Data excerpt Start Marker

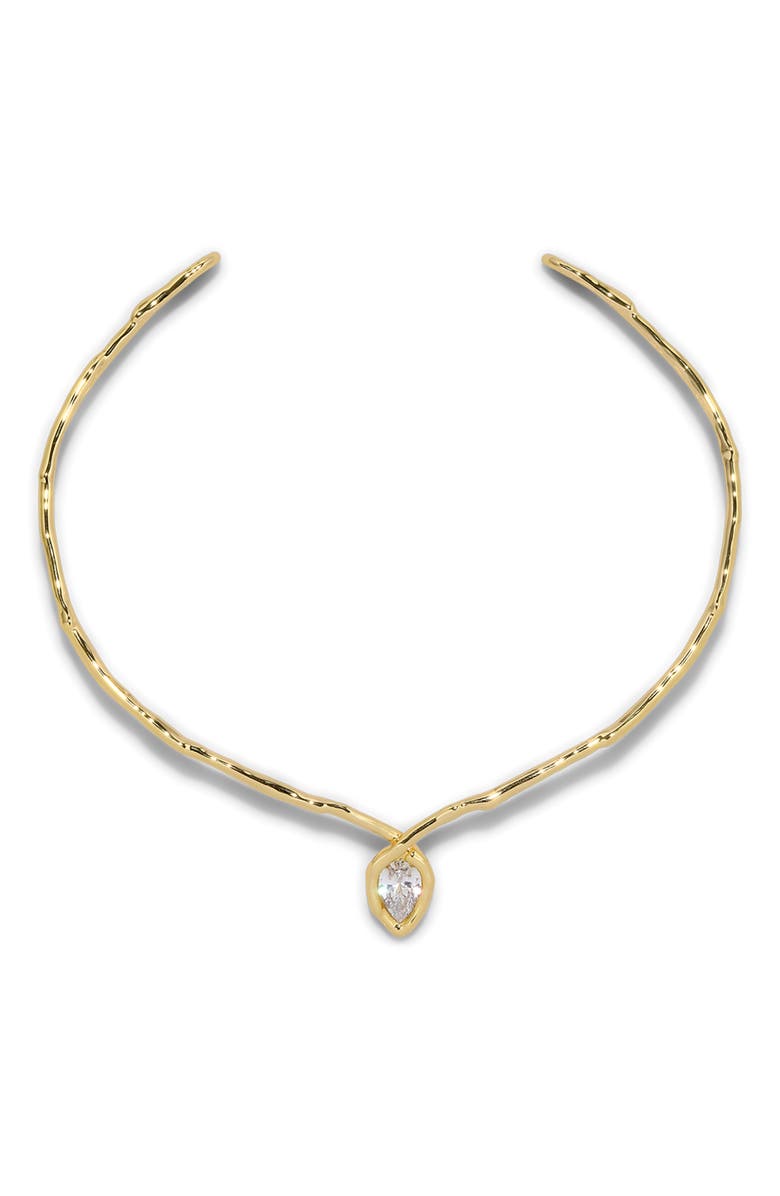 Asterales Floating Cubic Zirconia Collar Necklace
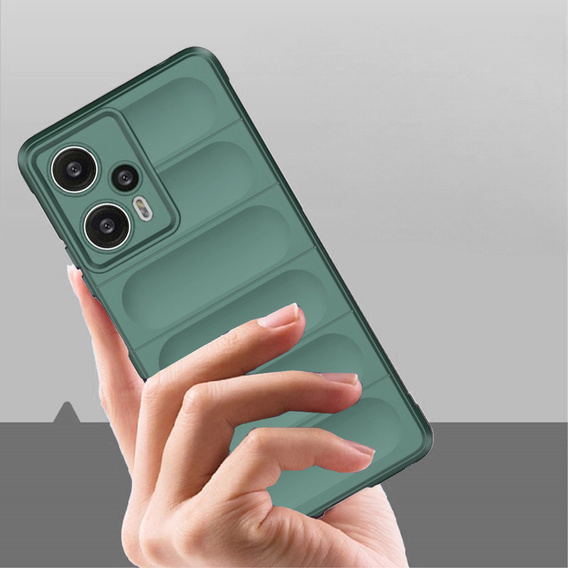 Obal na mobil pre Xiaomi Poco F5 5G, Gaming Shockproof, zelený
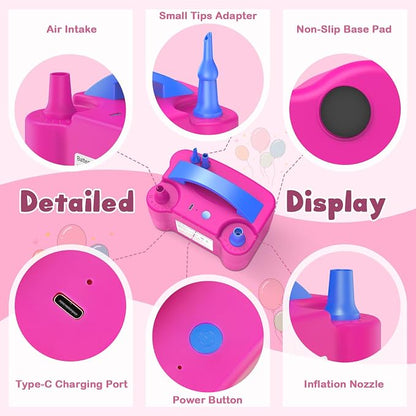 chamvis Balloon Pump Electric, Balloon Air Pump Inflate Pump - Image 3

Data excerpt End Marker

[Problem to solve]: Without including any images, output the data exactly as given.

[Exercise response]:
 Asterales Floating Cubic Zirconia Collar Necklace
 Obal na mobil pre Xiaomi Poco F5 5G, Gaming Shockproof, zelený
 chamvis Balloon Pump Electric, Balloon Air Pump Inflate Pump - Image 3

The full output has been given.